» **Exercise prompt**
Write out the records in full, exactly as given, but without the images.

= = = = = = =

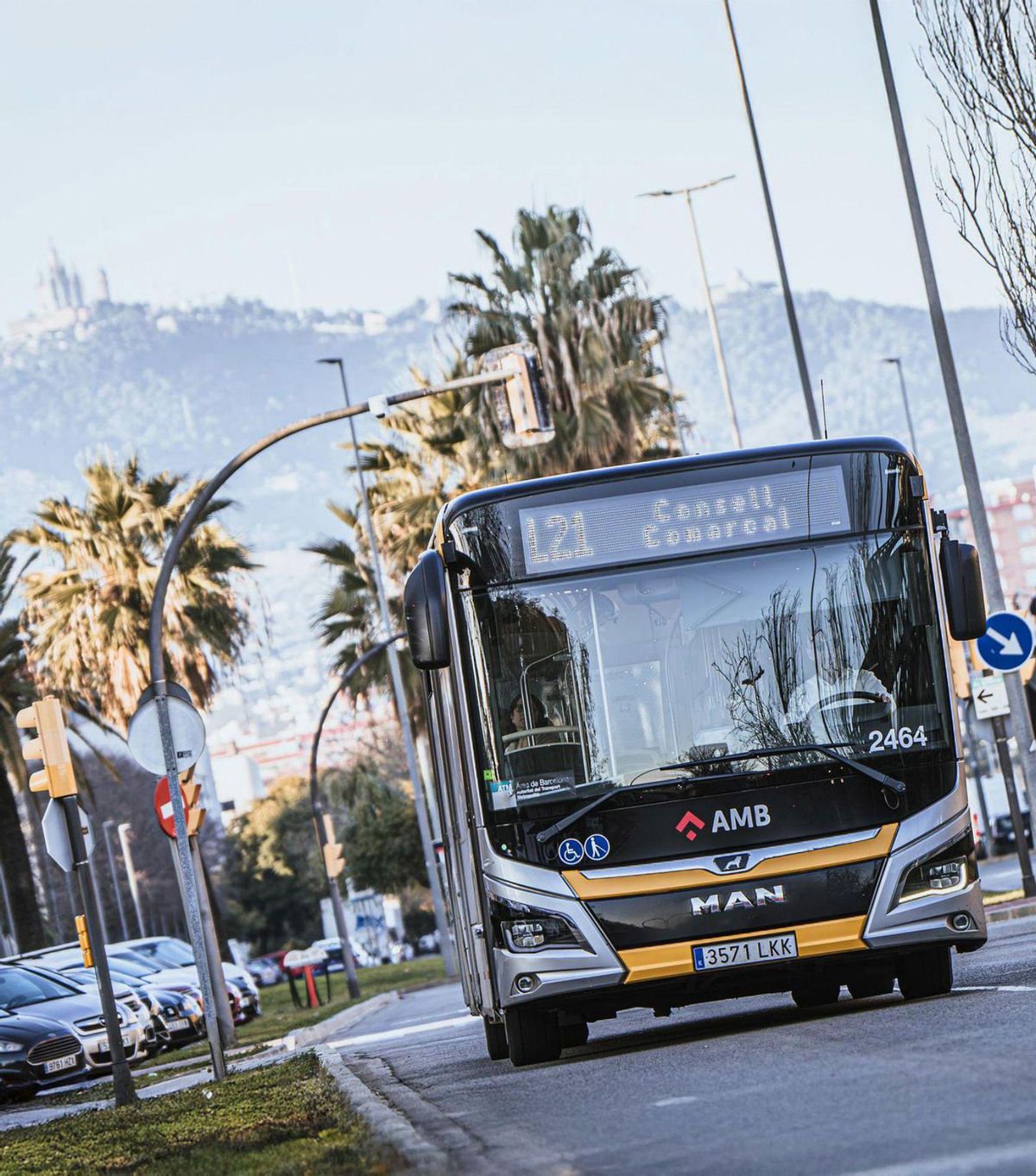 Una nova demanda revifa el conflicte laboral dels busos de l’Hospitalet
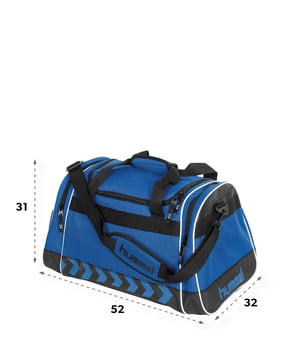 Een van de hardlopers uit de nieuwe collectie van Hummel uit onze Tassen Outlet categorie. Deze kun je niet laten lopen!
Hummel Voetbal Tassen van het materiaal en in de kleur 205 Blauw-multicolour.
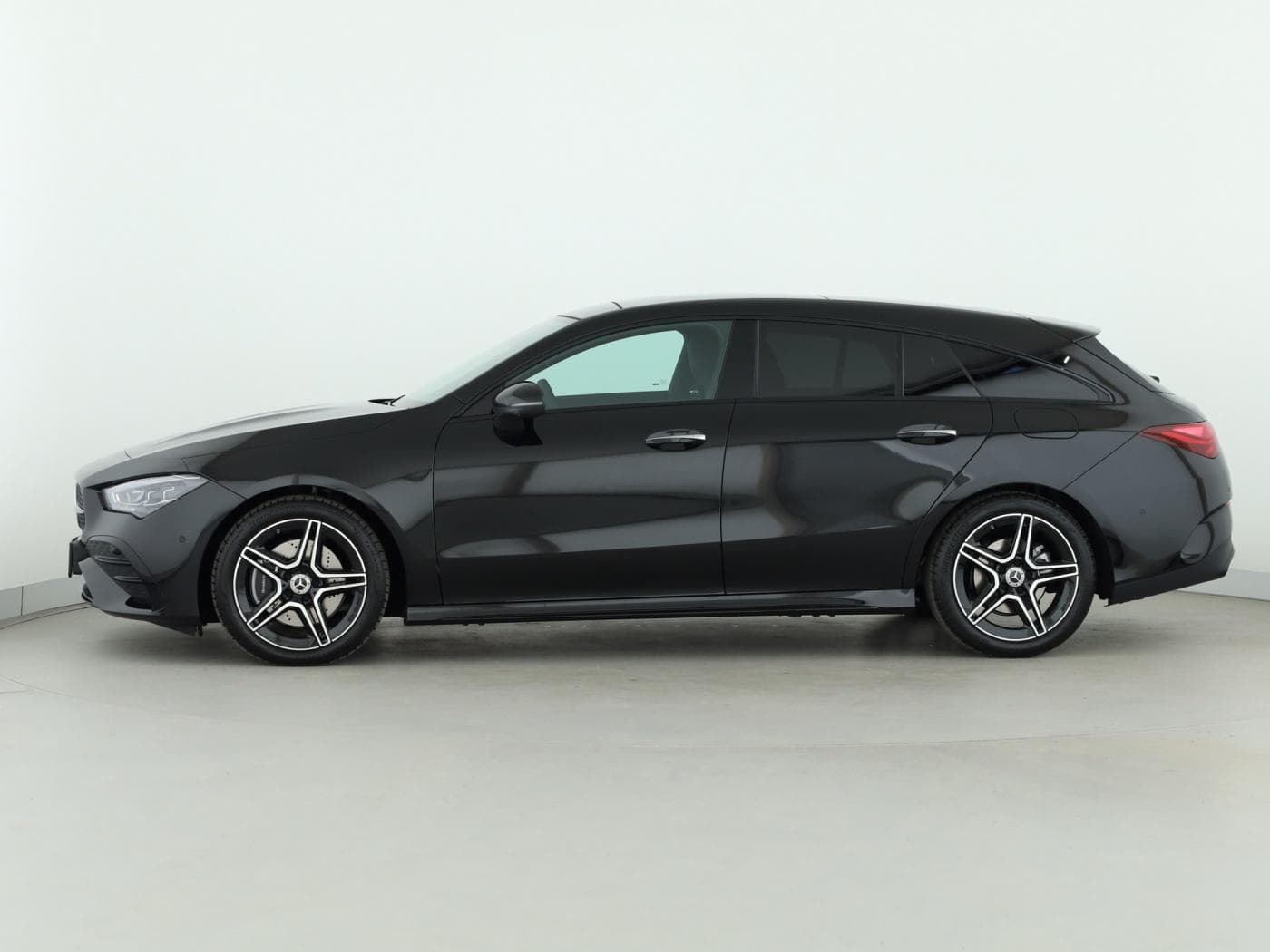 Mercedes-Benz CLA 220 d S B Bild 7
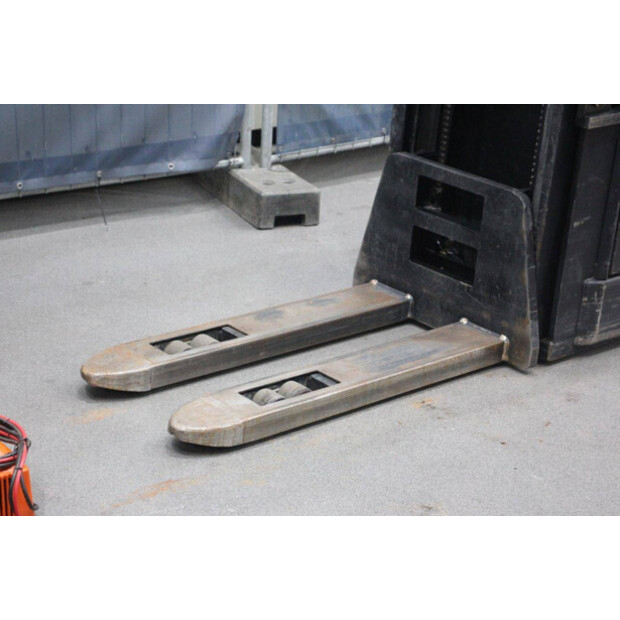 2004 BT SPE 160-45575974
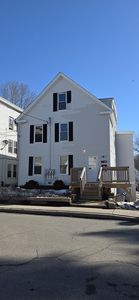274 Pleasant St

= = = = = = =

» **Written answer**
 Una nova demanda revifa el conflicte laboral dels busos de l’Hospitalet
 Een van de hardlopers uit de nieuwe collectie van Hummel uit onze Tassen Outlet categorie. Deze kun je niet laten lopen!
Hummel Voetbal Tassen van het materiaal en in de kleur 205 Blauw-multicolour.
 Mercedes-Benz CLA 220 d S B Bild 7
 2004 BT SPE 160-45575974
274 Pleasant St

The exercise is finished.